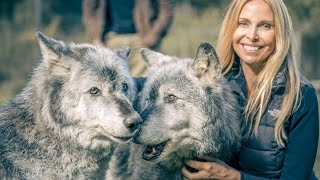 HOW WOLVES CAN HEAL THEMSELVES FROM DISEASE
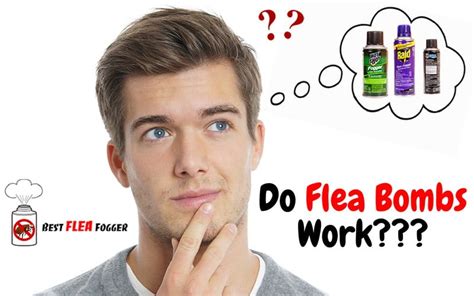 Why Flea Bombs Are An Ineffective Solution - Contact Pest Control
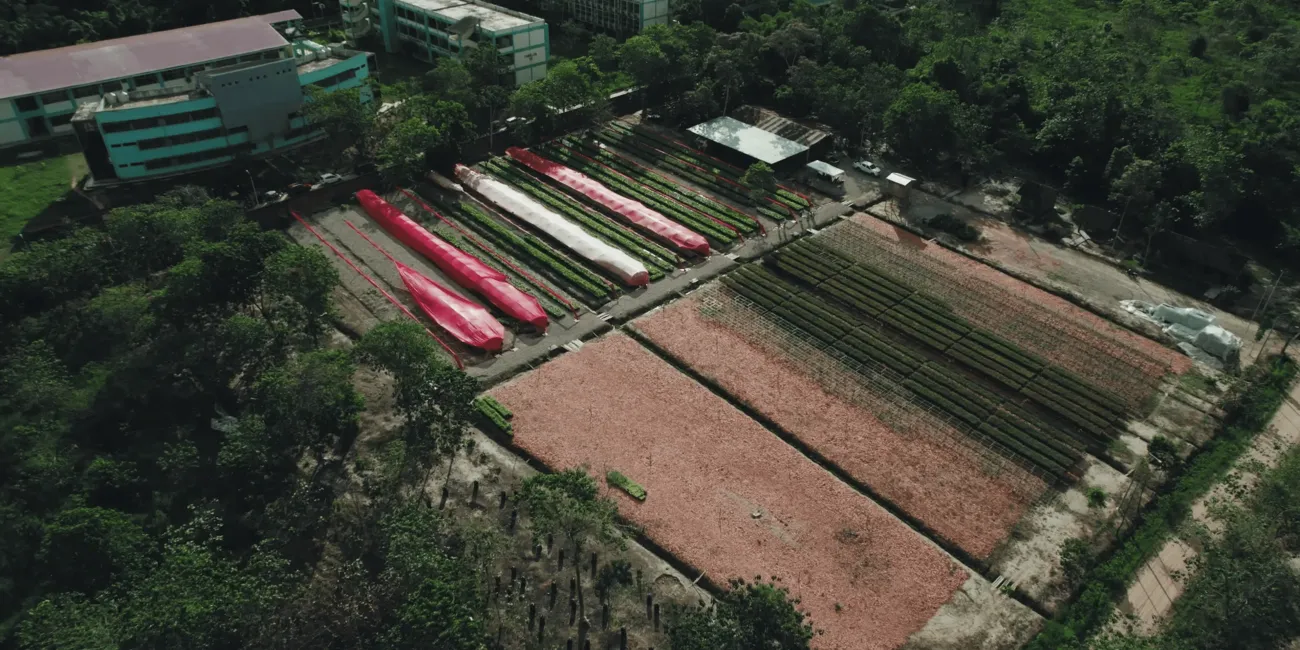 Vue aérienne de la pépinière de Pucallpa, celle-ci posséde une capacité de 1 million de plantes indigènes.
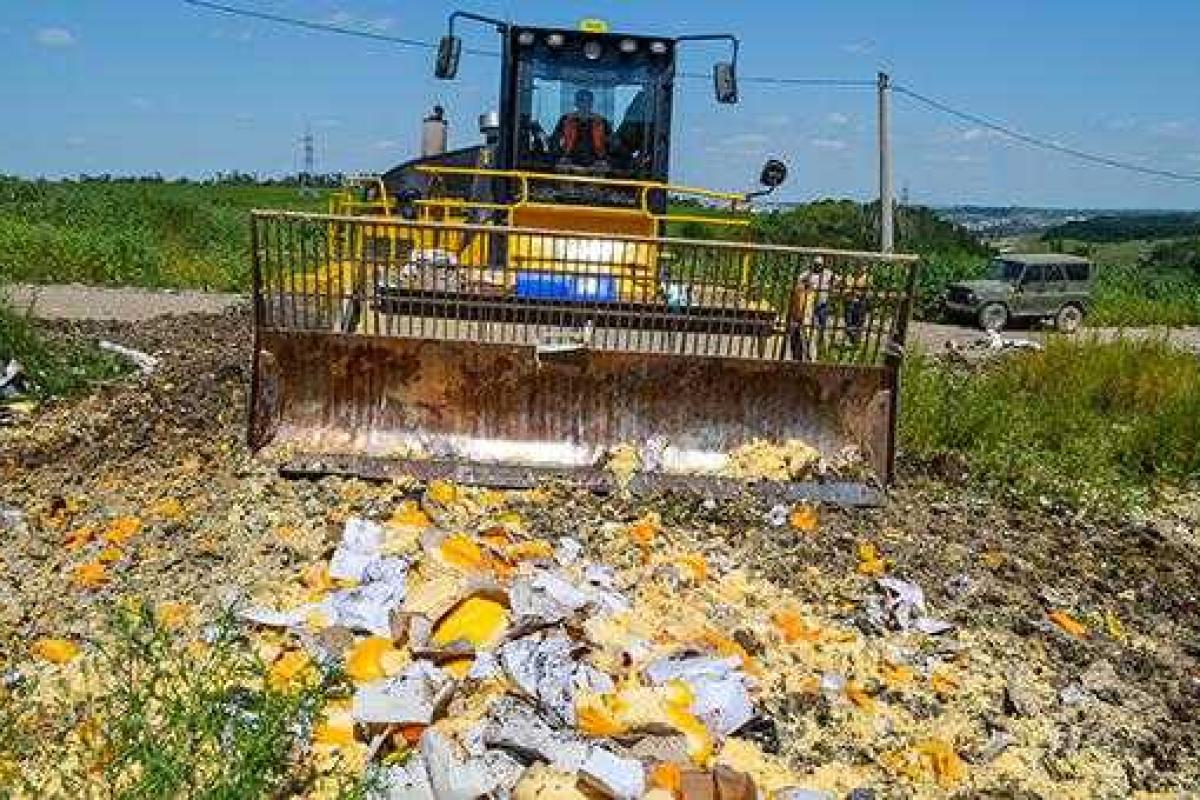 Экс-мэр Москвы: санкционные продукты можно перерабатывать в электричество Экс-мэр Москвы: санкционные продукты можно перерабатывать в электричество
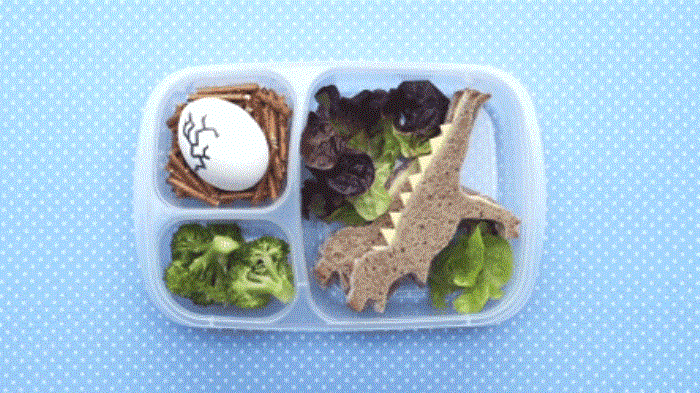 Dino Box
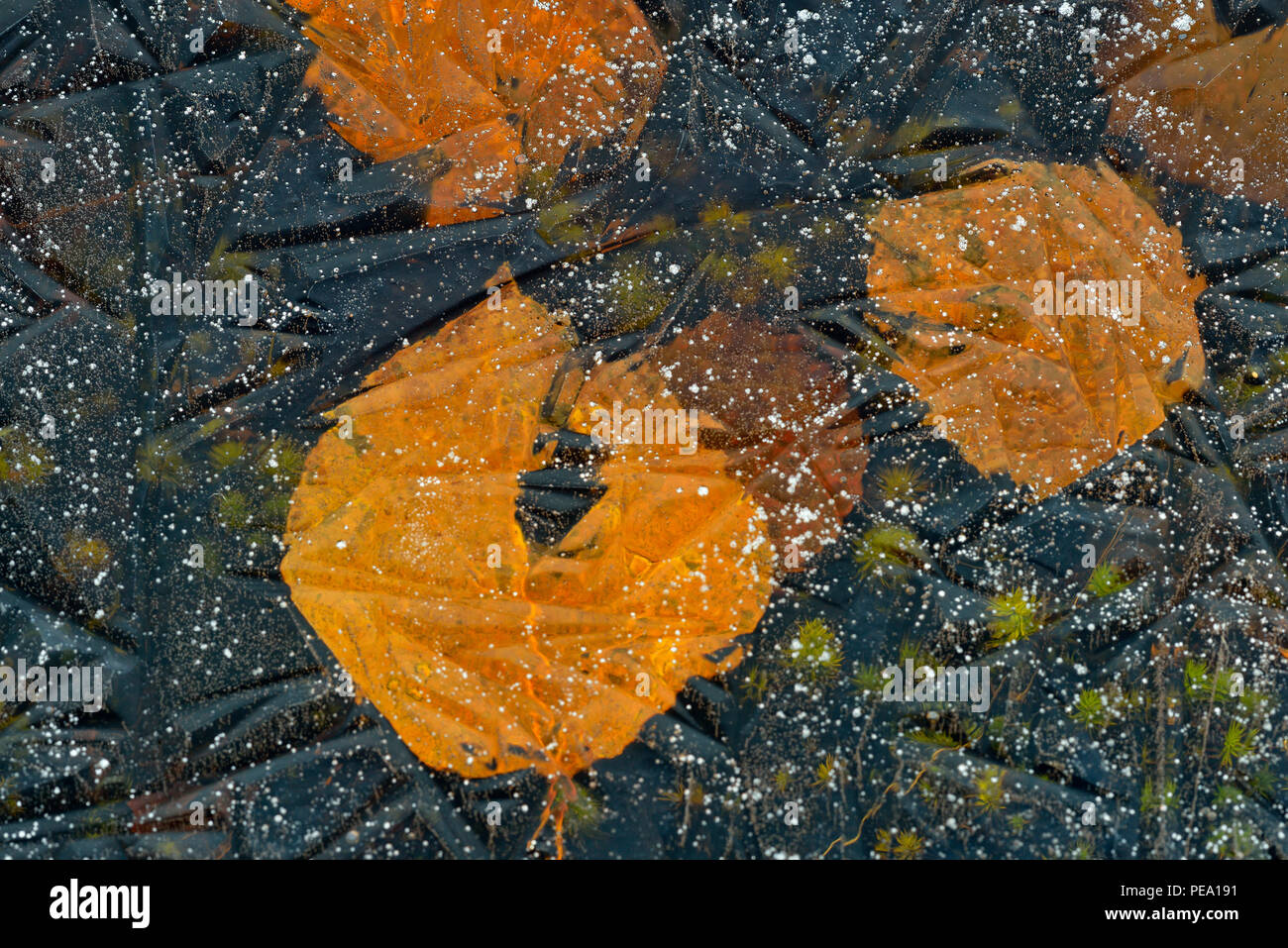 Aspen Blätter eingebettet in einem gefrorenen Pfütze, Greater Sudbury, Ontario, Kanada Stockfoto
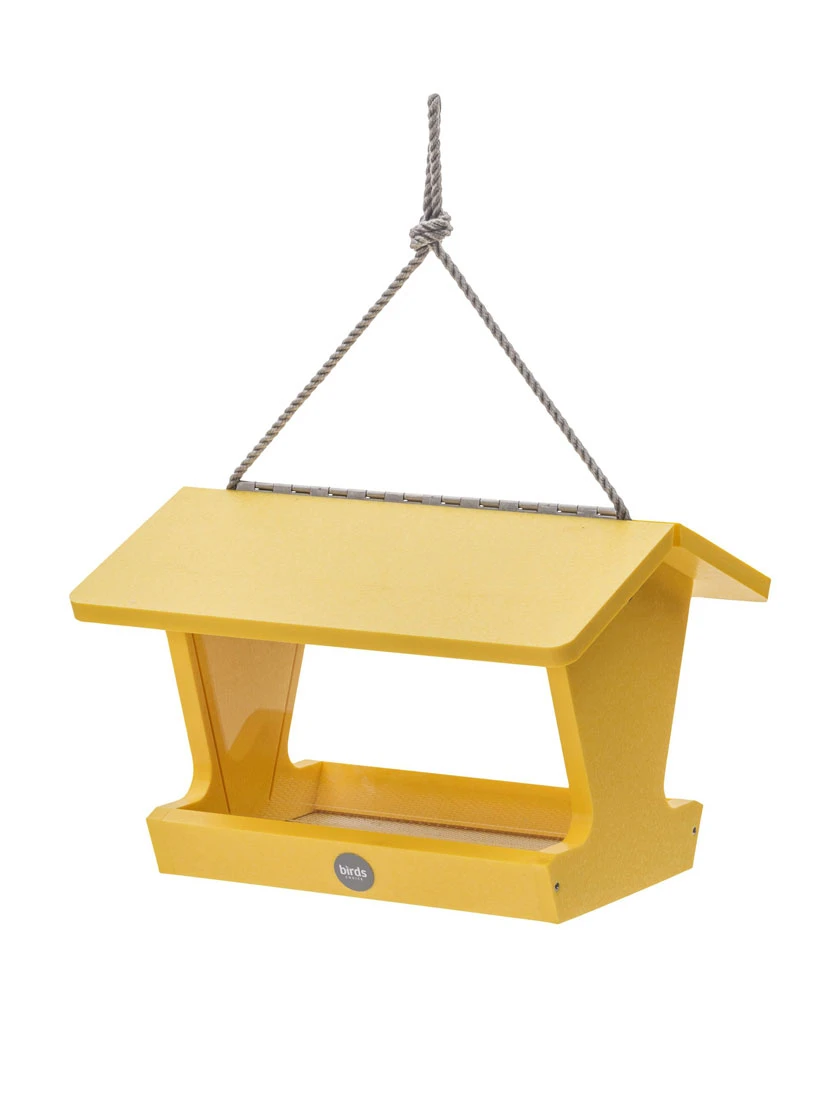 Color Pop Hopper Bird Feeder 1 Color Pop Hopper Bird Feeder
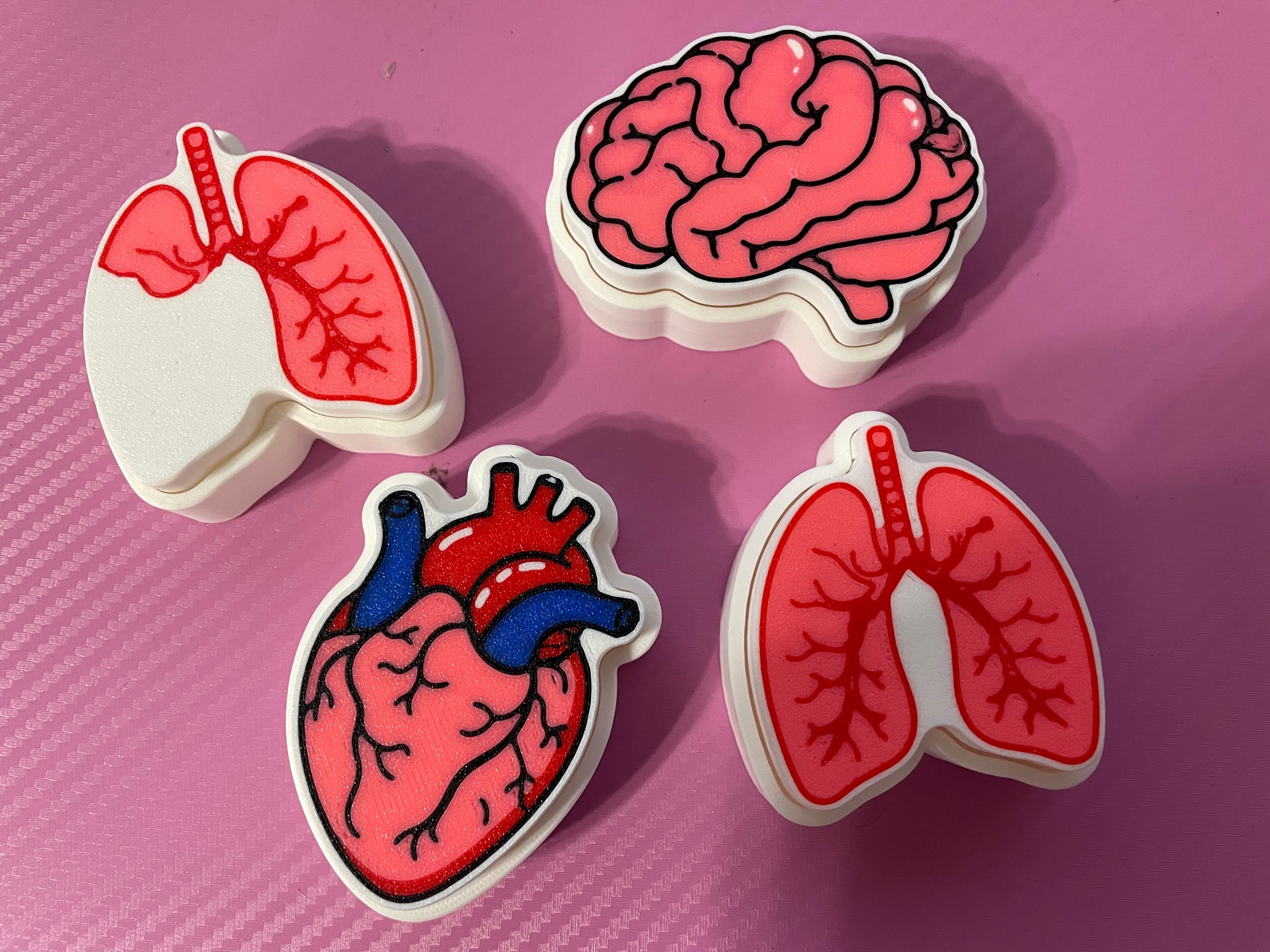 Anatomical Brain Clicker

### Task objective
Each line from the one containing "Aspen Blätter eingebettet" through the last line of the data should be written out exactly. Skip the pictures, and add no other lines.

### Result
 Aspen Blätter eingebettet in einem gefrorenen Pfütze, Greater Sudbury, Ontario, Kanada Stockfoto
 Color Pop Hopper Bird Feeder 1 Color Pop Hopper Bird Feeder
 Anatomical Brain Clicker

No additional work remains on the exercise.